Examining the impact of the COVID-19 pandemic on postpartum depression


Despite increase stressors during the COVID-19 pandemic, a new study did not find a higher incidence of postpartum depression among women who gave birth during the pandemic. There was an increased prevalence of mood disorders among individuals delivering infants during the pandemic, according to the study published in the Journal of Women’s Health.

Malika Waschmann, from the School of Medicine, Oregon Health & Science University, and coauthors, compared the incidence of postpartum depression in mothers giving birth during the first year of the COVID-19 pandemic to those giving birth during the year preceding the pandemic.

Postpartum depression is a common complication of pregnancy affecting 10–15% of individuals.

The investigators found that pre-childbirth prevalence of anxiety and depression increased substantially during the pandemic.

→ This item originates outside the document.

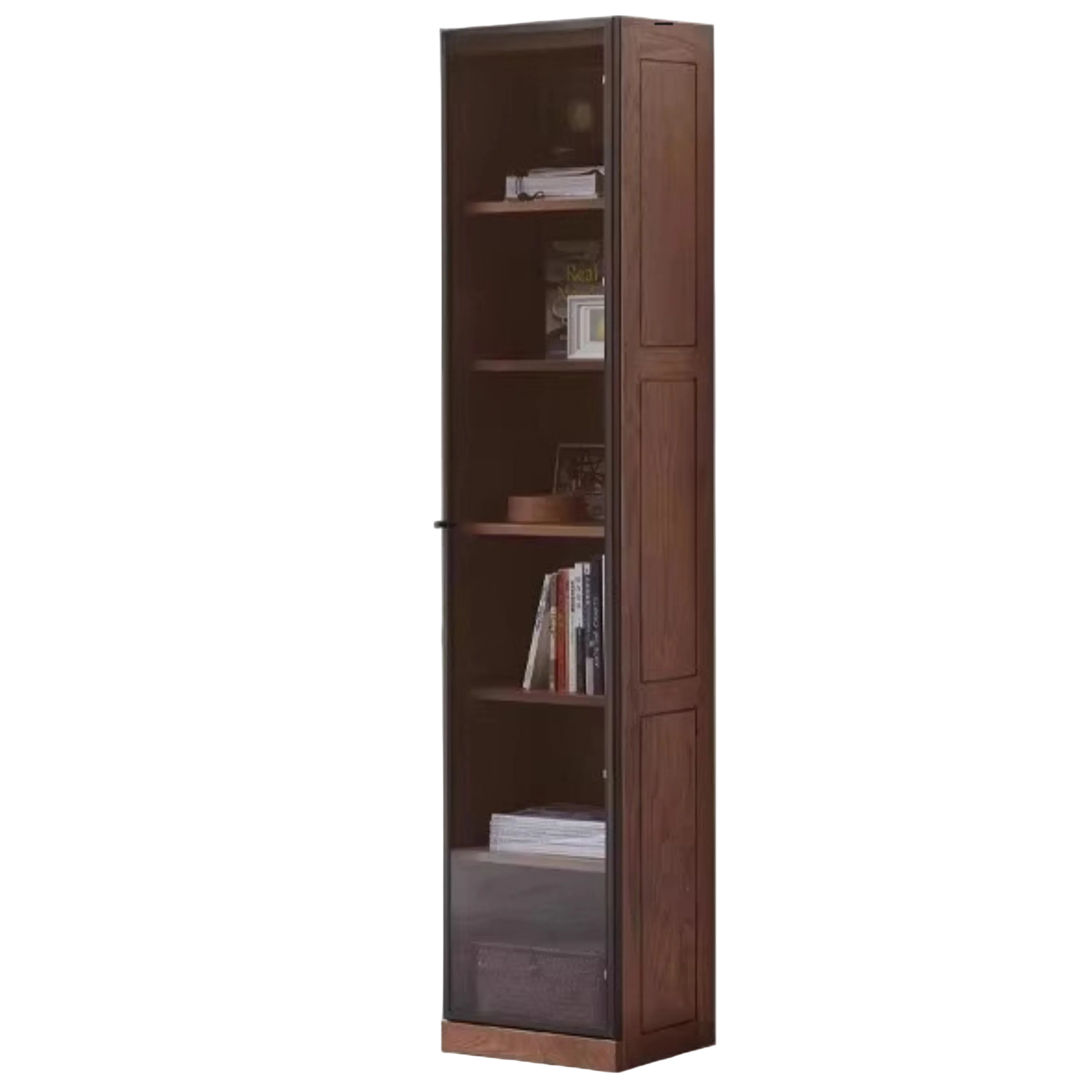 Oak, Solid Rubberwood Modern Bookcase Storage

However, the results indicated that “the incidence proportion of PPD symptomatology remained stable as we entered the COVID-19 pandemic despite an increase in underlying, pre-childbirth mood disorders.”

In an accompanying editorial, Michael Silverman, Ph.D. and Holly Loudon, MD, MPH, from the Icahn School of Medicine at Mount Sinai, The Mount Sinai Hospital, say that “given that the COVID-19 pandemic represents a uniquely stressful time for most, and the overwhelming belief that the pandemic would significantly increase perinatal mood dysregulation and possibly disrupt infant bonding, these findings appear strikingly counterintuitive.